The 6,379 sales that we saw last September wasn’t a decade-low, but it was third-lowest, and barely higher than the second-lowest in 2010.  While I don’t think we’ll return to the 9,902 sales we saw in 2016, I think we’ll be over 8,000.
3) I Have No Clue What Will Happen With Inventory!
Okay, that’s not a prediction.
I could have said, “inventory will go up, or down,” but that’s even worse.
And I’m being a bit tongue-in-cheek because the chart I’m about to show you can be used to argue either side of the coin.
I’ve compared the new listings in 2016 to that of 2017, and then 2017 to what we’ve got in 2018 so far, and the results are interesting.
It would seem that so far, we’ve got the exact opposite of what happened last year:
Note that in January and February of 2017, new listings were down substantially.
This is what caused the rapid acceleration in prices, and that lasted through March, and well into April.  It wasn’t until mid-April that things felt a bit “off,” and while it wasn’t felt in the central core until May, the trend had been set.
Note that in 2018, the exact opposite has happened.
Now clearly this is, in part, because the 2017 numbers were so low in January/February, and then so high thereafter.

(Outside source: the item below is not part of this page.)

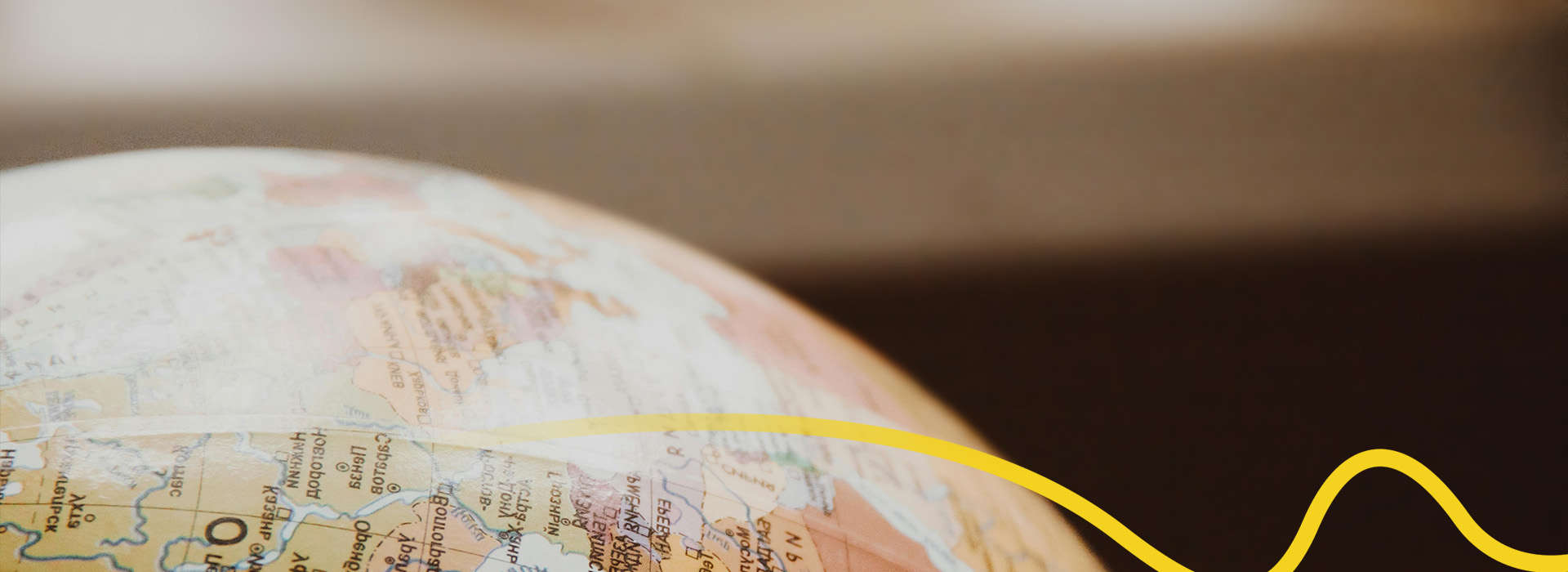 招商及产品试用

So if we were to follow the trend so far in 2018, we’d be led to believe that the fall inventory will be higher than last year.
But if we assume that more people listed in the fall of 2017 because the preceding drop in prices put fear into them, then those numbers are inflated, and thus inventory will be lower.
Personally, I’m expecting inventory to be on par with last year.  That’s not a “neither here, nor there” argument, but simply I think we’ll see less for sale in the central core, more for sale outside the core, and it’ll even out.
I think we’ll see a lot for sale in the higher price point – over $2,000,000, and a lot less of what “most” buyers want: entry-level condos, and smaller semi-detached houses.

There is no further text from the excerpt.